I rank the self-compassion habit among the more important habits, along with meditation/mindfulness … simply because it has an all-pervasive effect on every part of your life.
And it goes so ignored by most people, despite its incredible importance.
The power of self-compassion becomes evident when you start realizing how often you suffer in your daily life.

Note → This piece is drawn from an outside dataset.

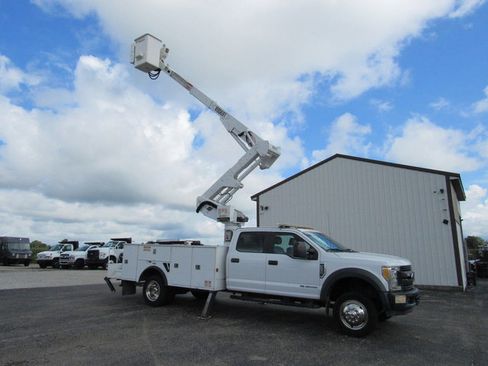 Used 2017 Ford F550 2WD Crew Cab Super Duty image 45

Suffering includes (among other things):
- Stress/anxiety
- Sadness/loneliness/depression
- Frustration/anger
- Distraction/procrastination
- Cravings
- Hatred
- Insecurity
- Jealousy
- Feeling overwhelmed
- Fear
- Disappointment
- Irritation with someone
- Feelings of helplessness
- Feeling rushed
- Wanting to prove you’re right
- Feeling embarrassed
- Obsessing over something
- Wishing things were different
- Suffering from illness
- Feeling the loss of something
- Grieving over a death or serious family illness
- Resentment
- Complaining
- Feelings of unfairness
You can see the wide range of suffering. But actually, it’s all really the same thing: wishing things were different than they are, or than they have turned out, or worried that they won’t turn out the way you want.
We suffer, and this suffering has all kinds of effects on us and our lives.

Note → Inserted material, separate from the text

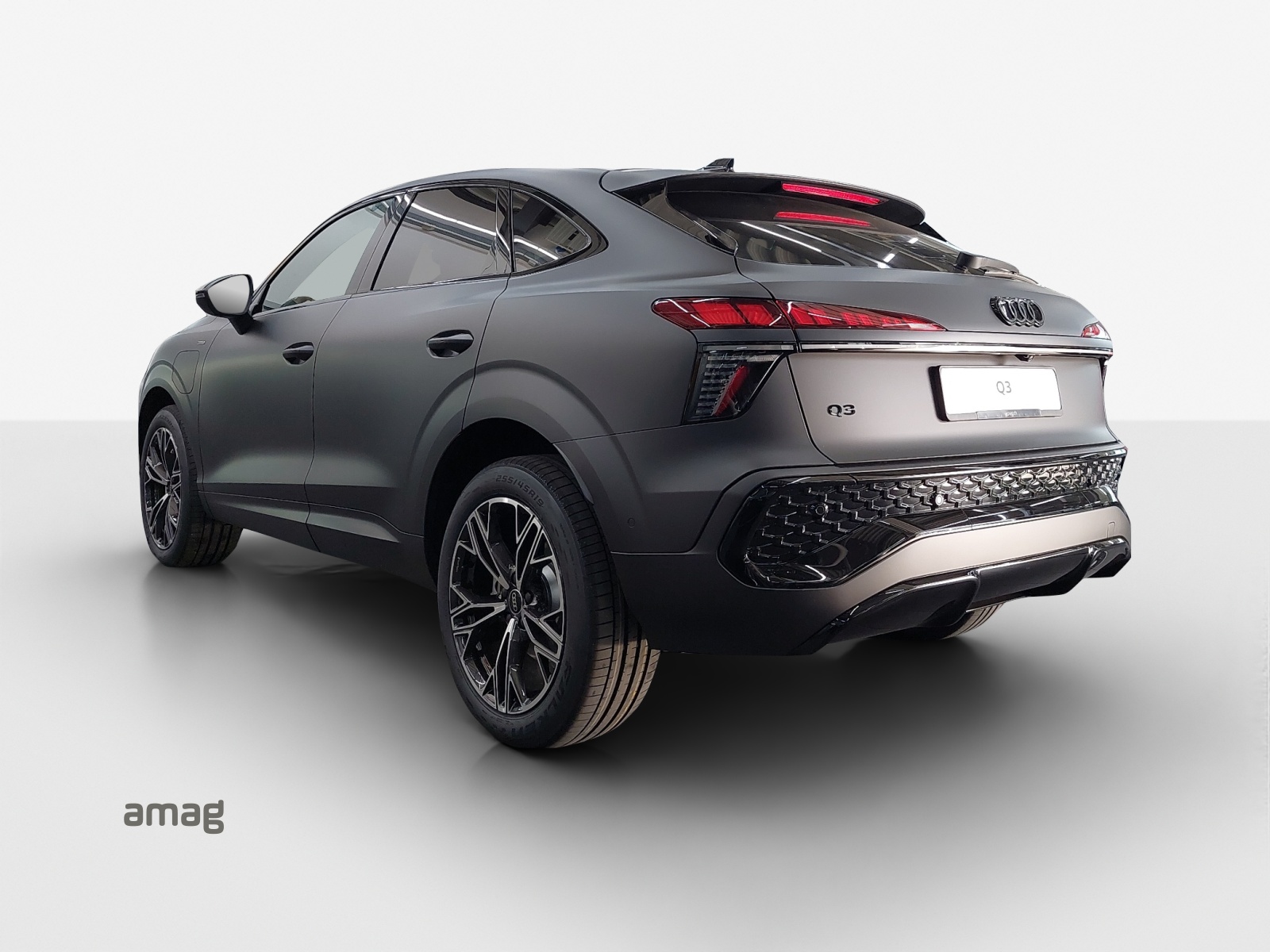 AUDI Q3 Sportback e-hybrid 200 kW S tronig-image-2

From this suffering, we comfort ourselves with food and shopping and distractions and alcohol and cigarettes. We lash out at others. We are hard on ourselves, and don’t trust ourselves. We withdraw so that we don’t socialize. We procrastinate on everything important and difficult. We feel bad all the time — stress and disappointed and frustrated and angry.
This affects our mental health, our physical health, our careers, our relationships, our happiness. Everything.
So what’s the solution?
Self-compassion is a big part of the solution. So is mindfulness of the suffering in the first place — which is why we tackled mindfulness and the meditation habit earlier this year.
A Self-Compassion Method
This is a method you can practice through a daily habit, to help with suffering in all forms:
- Notice your suffering, in one of its many forms. This is where mindfulness is important.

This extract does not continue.